I am working with a tool our library uses, called MetaLib, which allows a person to search one or more of our databases for articles and then connects to the full text by pulling various metadata and putting into an OpenURL. MetaLib uses Perl-based regex in it's configuration files to pull the data. I'm new to regex and am having trouble setting up the configuration for a particular database.
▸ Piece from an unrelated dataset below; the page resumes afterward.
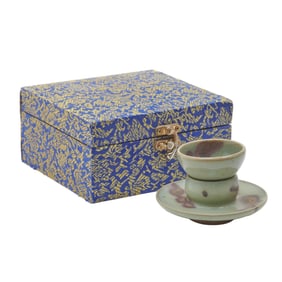 A Chinese Jun-Type Teacup Set with Box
The majority of the citation information is kept in one field, field "g". My problem I have is that the article page numbers may be in one of two formats:
1) g JOURNAL OF CHINA UNIVERSITY OF GEOSCIENCES v.18, no.1, pp.49-59, March 2007. (ISSN 1002-0705; Over 10 refs)-59
2) g OIL GEOPHYS. PROSPECTING v.39, no.2, pp.VI,218-221, 4/5/2004. (ISSN 1000-7210; 2 refs; In Chinese)-221
As you can see, the page numbers may come immediately after the "pp." or they may follow some roman numerals. I need to create a regular expression that will pull the page numbers either way. I've created a couple of expressions but neither seems to work:
(?<=pp\.)(?([A-Z][A-Z]?)(?<=,)(\d{1,}-\d{1,})|(?<=pp\.)(\d{1,}-\d{1,}))
(?(pp\.[A-Z][A-Z]?)(\d{1,}-\d{1,})|((?<=pp\.)(\d{1,}-\d{1,})))
Any assistance would be appreciated.